Top of DATA SUPPLIED
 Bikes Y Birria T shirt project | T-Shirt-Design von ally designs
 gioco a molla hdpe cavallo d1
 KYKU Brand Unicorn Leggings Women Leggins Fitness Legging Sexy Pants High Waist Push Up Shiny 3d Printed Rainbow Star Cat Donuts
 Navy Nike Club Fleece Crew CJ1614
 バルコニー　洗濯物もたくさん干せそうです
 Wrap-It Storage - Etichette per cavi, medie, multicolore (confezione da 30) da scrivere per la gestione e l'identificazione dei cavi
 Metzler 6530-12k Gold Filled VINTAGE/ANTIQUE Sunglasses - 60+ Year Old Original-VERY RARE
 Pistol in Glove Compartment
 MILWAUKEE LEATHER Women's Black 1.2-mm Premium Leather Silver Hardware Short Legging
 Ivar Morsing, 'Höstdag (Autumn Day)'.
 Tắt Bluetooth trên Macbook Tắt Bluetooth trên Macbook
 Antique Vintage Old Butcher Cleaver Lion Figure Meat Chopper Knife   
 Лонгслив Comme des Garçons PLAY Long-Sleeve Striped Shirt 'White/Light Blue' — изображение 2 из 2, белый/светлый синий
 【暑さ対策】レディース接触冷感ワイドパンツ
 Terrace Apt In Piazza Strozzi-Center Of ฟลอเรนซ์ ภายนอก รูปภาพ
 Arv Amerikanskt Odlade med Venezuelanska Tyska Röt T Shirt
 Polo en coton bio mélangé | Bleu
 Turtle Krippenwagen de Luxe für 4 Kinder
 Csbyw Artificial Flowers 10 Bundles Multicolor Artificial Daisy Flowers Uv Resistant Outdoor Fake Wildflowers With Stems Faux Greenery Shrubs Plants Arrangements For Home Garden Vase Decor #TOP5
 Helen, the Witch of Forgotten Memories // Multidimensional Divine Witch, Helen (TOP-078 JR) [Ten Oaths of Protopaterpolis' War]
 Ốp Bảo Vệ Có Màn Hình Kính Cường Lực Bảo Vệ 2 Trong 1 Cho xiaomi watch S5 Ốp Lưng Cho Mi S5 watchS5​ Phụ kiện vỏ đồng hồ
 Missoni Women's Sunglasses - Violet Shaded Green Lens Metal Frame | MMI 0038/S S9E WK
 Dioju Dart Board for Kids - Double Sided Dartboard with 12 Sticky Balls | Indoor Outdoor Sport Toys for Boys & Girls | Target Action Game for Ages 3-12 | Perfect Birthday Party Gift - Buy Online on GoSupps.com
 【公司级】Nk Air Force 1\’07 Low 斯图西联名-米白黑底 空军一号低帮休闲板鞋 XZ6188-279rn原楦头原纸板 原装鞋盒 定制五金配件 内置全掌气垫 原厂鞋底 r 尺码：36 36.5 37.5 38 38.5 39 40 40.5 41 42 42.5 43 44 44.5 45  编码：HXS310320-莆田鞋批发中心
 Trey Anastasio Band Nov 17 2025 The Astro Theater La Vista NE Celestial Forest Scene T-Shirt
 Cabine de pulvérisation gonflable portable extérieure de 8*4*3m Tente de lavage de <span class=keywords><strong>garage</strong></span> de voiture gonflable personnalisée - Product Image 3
Bottom of DATA SUPPLIED
• **TASK**: For each line in the data, set it down again exactly.

• **RESPONSE AREA**:
 Bikes Y Birria T shirt project | T-Shirt-Design von ally designs
 gioco a molla hdpe cavallo d1
 KYKU Brand Unicorn Leggings Women Leggins Fitness Legging Sexy Pants High Waist Push Up Shiny 3d Printed Rainbow Star Cat Donuts
 Navy Nike Club Fleece Crew CJ1614
 バルコニー　洗濯物もたくさん干せそうです
 Wrap-It Storage - Etichette per cavi, medie, multicolore (confezione da 30) da scrivere per la gestione e l'identificazione dei cavi
 Metzler 6530-12k Gold Filled VINTAGE/ANTIQUE Sunglasses - 60+ Year Old Original-VERY RARE
 Pistol in Glove Compartment
 MILWAUKEE LEATHER Women's Black 1.2-mm Premium Leather Silver Hardware Short Legging
 Ivar Morsing, 'Höstdag (Autumn Day)'.
 Tắt Bluetooth trên Macbook Tắt Bluetooth trên Macbook
 Antique Vintage Old Butcher Cleaver Lion Figure Meat Chopper Knife   
 Лонгслив Comme des Garçons PLAY Long-Sleeve Striped Shirt 'White/Light Blue' — изображение 2 из 2, белый/светлый синий
 【暑さ対策】レディース接触冷感ワイドパンツ
 Terrace Apt In Piazza Strozzi-Center Of ฟลอเรนซ์ ภายนอก รูปภาพ
 Arv Amerikanskt Odlade med Venezuelanska Tyska Röt T Shirt
 Polo en coton bio mélangé | Bleu
 Turtle Krippenwagen de Luxe für 4 Kinder
 Csbyw Artificial Flowers 10 Bundles Multicolor Artificial Daisy Flowers Uv Resistant Outdoor Fake Wildflowers With Stems Faux Greenery Shrubs Plants Arrangements For Home Garden Vase Decor #TOP5
 Helen, the Witch of Forgotten Memories // Multidimensional Divine Witch, Helen (TOP-078 JR) [Ten Oaths of Protopaterpolis' War]
 Ốp Bảo Vệ Có Màn Hình Kính Cường Lực Bảo Vệ 2 Trong 1 Cho xiaomi watch S5 Ốp Lưng Cho Mi S5 watchS5​ Phụ kiện vỏ đồng hồ
 Missoni Women's Sunglasses - Violet Shaded Green Lens Metal Frame | MMI 0038/S S9E WK
 Dioju Dart Board for Kids - Double Sided Dartboard with 12 Sticky Balls | Indoor Outdoor Sport Toys for Boys & Girls | Target Action Game for Ages 3-12 | Perfect Birthday Party Gift - Buy Online on GoSupps.com
 【公司级】Nk Air Force 1\’07 Low 斯图西联名-米白黑底 空军一号低帮休闲板鞋 XZ6188-279rn原楦头原纸板 原装鞋盒 定制五金配件 内置全掌气垫 原厂鞋底 r 尺码：36 36.5 37.5 38 38.5 39 40 40.5 41 42 42.5 43 44 44.5 45  编码：HXS310320-莆田鞋批发中心
 Trey Anastasio Band Nov 17 2025 The Astro Theater La Vista NE Celestial Forest Scene T-Shirt
 Cabine de pulvérisation gonflable portable extérieure de 8*4*3m Tente de lavage de <span class=keywords><strong>garage</strong></span> de voiture gonflable personnalisée - Product Image 3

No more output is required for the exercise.